» EXERCISE OBJECTIVE
Make an exact copy of all the data, pictures excluded.

» DATA SEGMENT
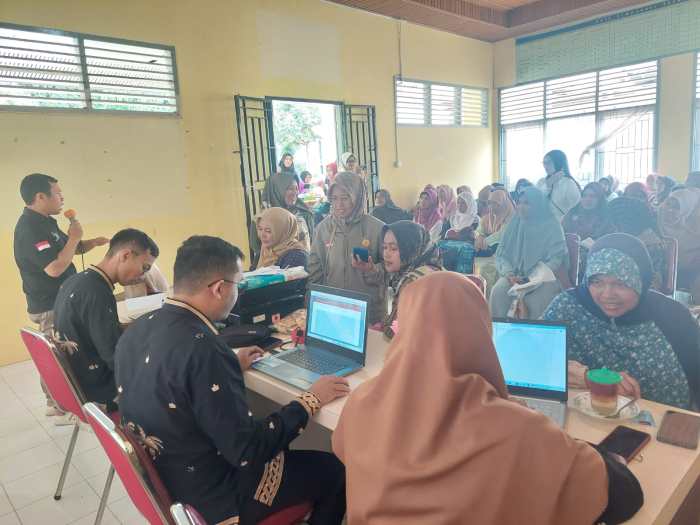 Budidaya ayam di Bukik Barisan, Kabupaten Lima Puluh Kota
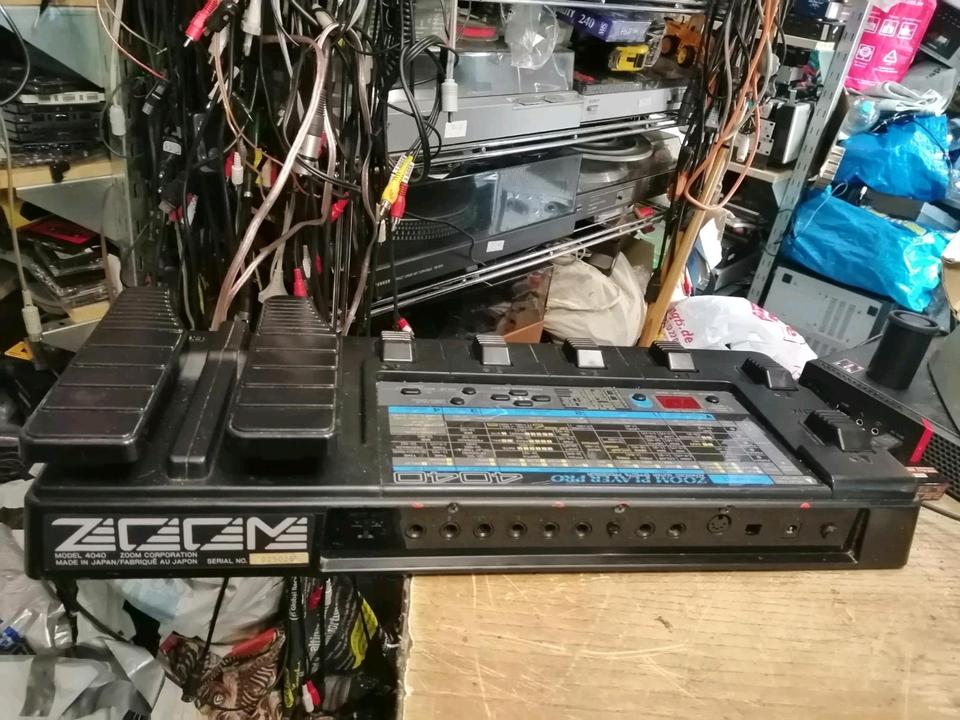 ZOOM Player PRO 4040, Guitar Effect Processor!!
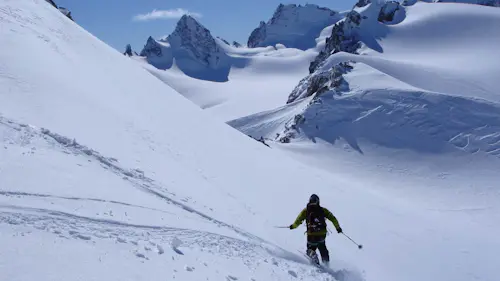Charter heliski and heliboarding tour in north Patagonia, Argentina
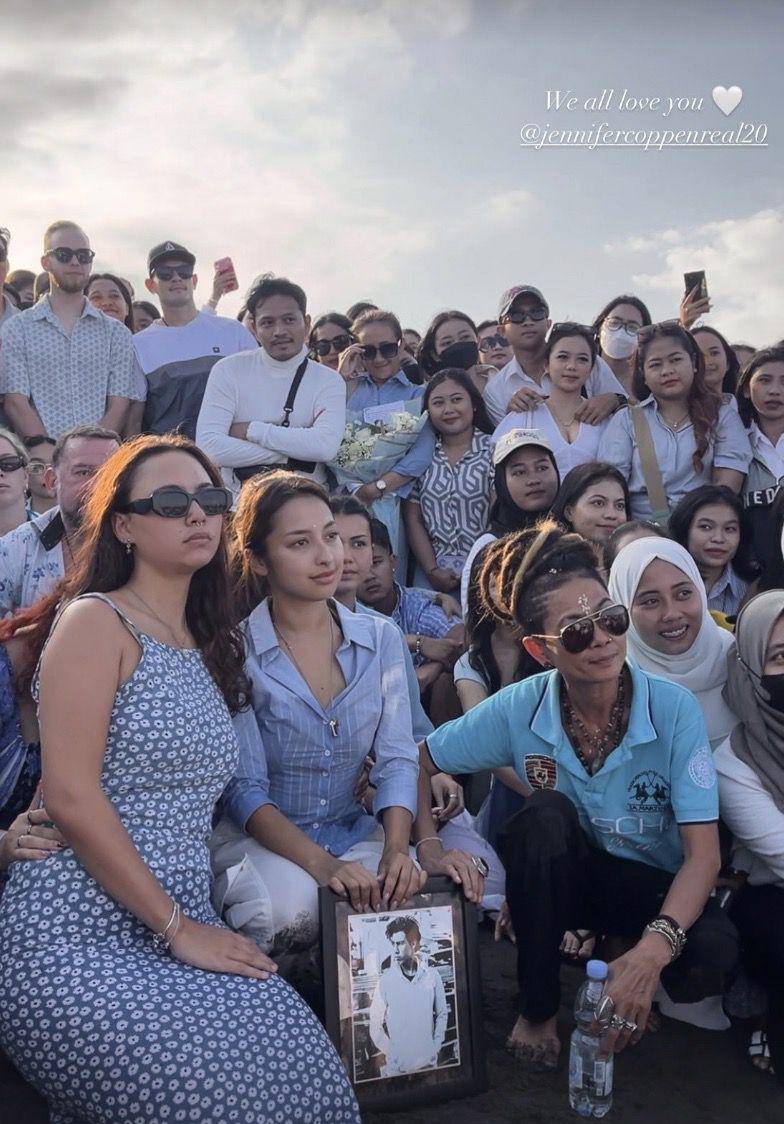 momen pelarungan abu Dali Wassink (instagram.com/jennifercoppenreal20)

» YOUR SOLUTION
 Budidaya ayam di Bukik Barisan, Kabupaten Lima Puluh Kota
 ZOOM Player PRO 4040, Guitar Effect Processor!!
Charter heliski and heliboarding tour in north Patagonia, Argentina
 momen pelarungan abu Dali Wassink (instagram.com/jennifercoppenreal20)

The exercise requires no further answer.